Aí ficou a doutrina clara, reiteradamente definida pela Santa Sé. Evidentemente, implica ela na faculdade de apreciar circunstâncias concretas, o que dá inevitavelmente margem a que muitos espíritos por isto se julguem no direito de afirmar que são freqüentes entre nós tais circunstâncias.

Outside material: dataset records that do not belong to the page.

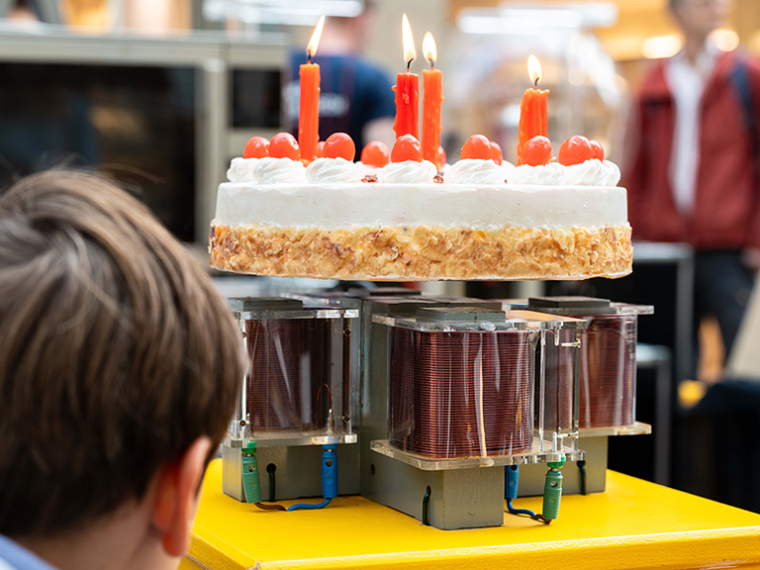 Warum schwebt diese Torte? Die Antwort gab es bei den diesjährigen Highlights...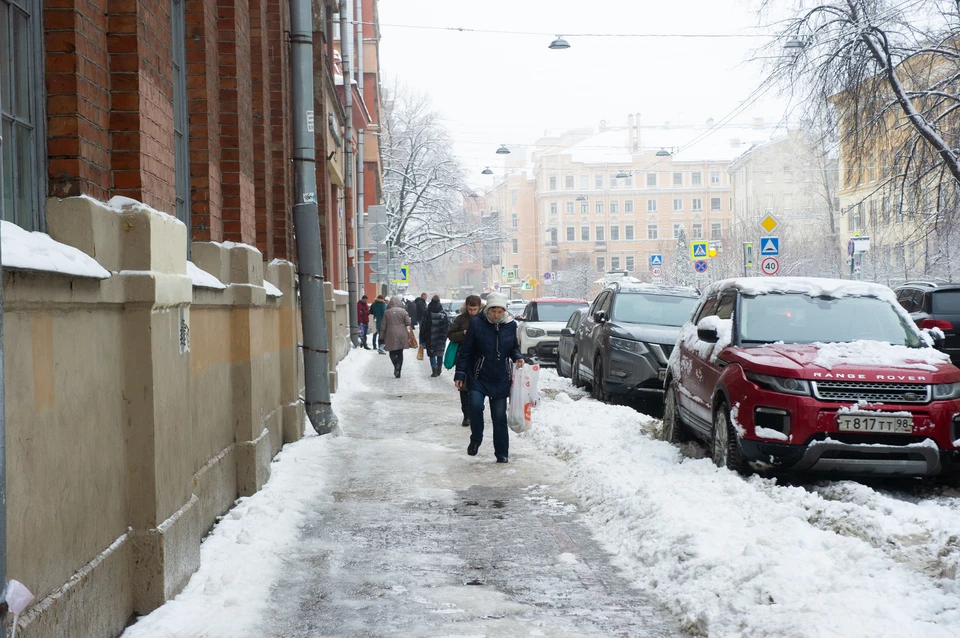 Припаркованные машины и узкие улицы мешают уборке снега.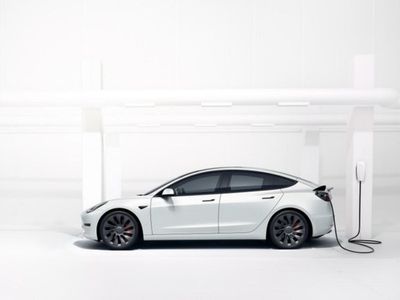 Future Tesla Update Could Allow Owners To Set Custom Car Colors in App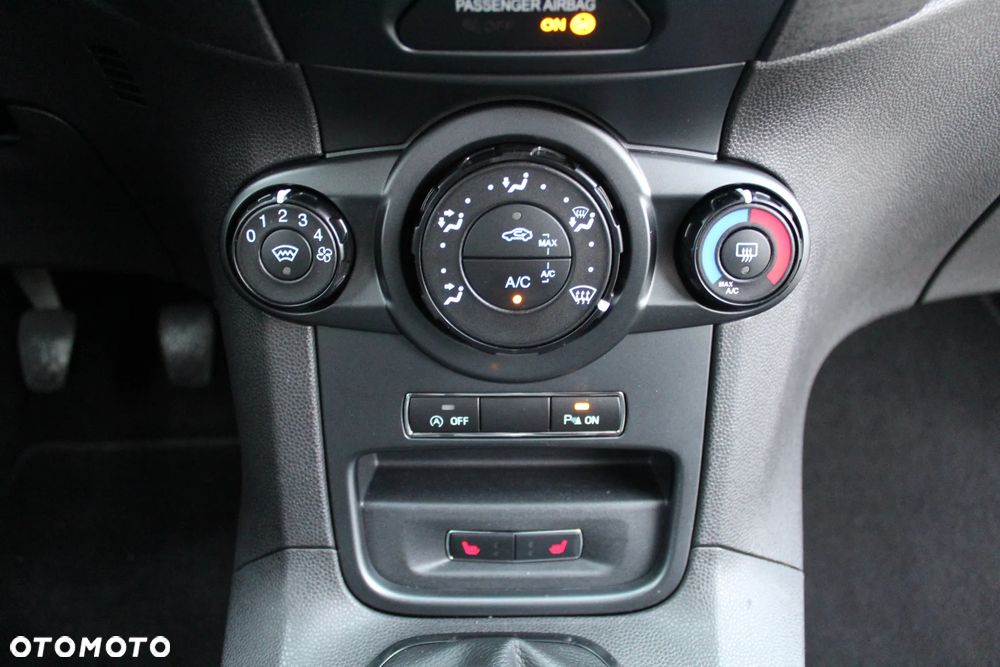 Ford Fiesta 1.0 EcoBoost Start-Stop Titanium - 28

Para os espíritos serenos e imparciais, o caso é outro: “Roma locuta, causa finita est”. E as palavras do Apóstolo jamais perdem seu valor: “Foge do homem herege... sabendo que um tal homem está pervertido e peca, como quem é condenado pelo seu próprio juízo” (Tit. 3, 10-11). É este o sentimento que deve dominar todo o verdadeiro católico, neste assunto. Quão diferente deste sentimento é um desejo obsedante de colaborar com os maus, que freqüentemente se nota em certos ambientes! Os que assim procedem e desejam pôr em comum com os infiéis, e sob a autoridade de uma direção única, os seus esforços, não em atenção a situações excepcionais, mas por um desejo, às vezes subconsciente, de apagar a linha divisória entre bons e maus, esquecem o que disse o Apóstolo:

“Não vos sujeiteis ao mesmo jugo com os infiéis. Porque, que união pode haver entre a justiça e a iniqüidade? Ou que sociedade entre a luz e as trevas? E que concórdia entre Cristo e Belial? Ou que de comum entre o fiel e o infiel? E que relação entre o templo de Deus e os ídolos? Porque vós sois o templo de Deus vivo, como Deus diz: Eu habitarei neles, e andarei entre eles, e serei o seu Deus; e eles serão o meu povo. Portanto, sai do meio deles, e separai-vos, diz o Senhor, e não toqueis o que é impuro; e eu vos receberei e serei vosso pai, e vós sereis meus filhos e minhas filhas, diz o Senhor todo poderoso” (2 Cor., 6, 14-18).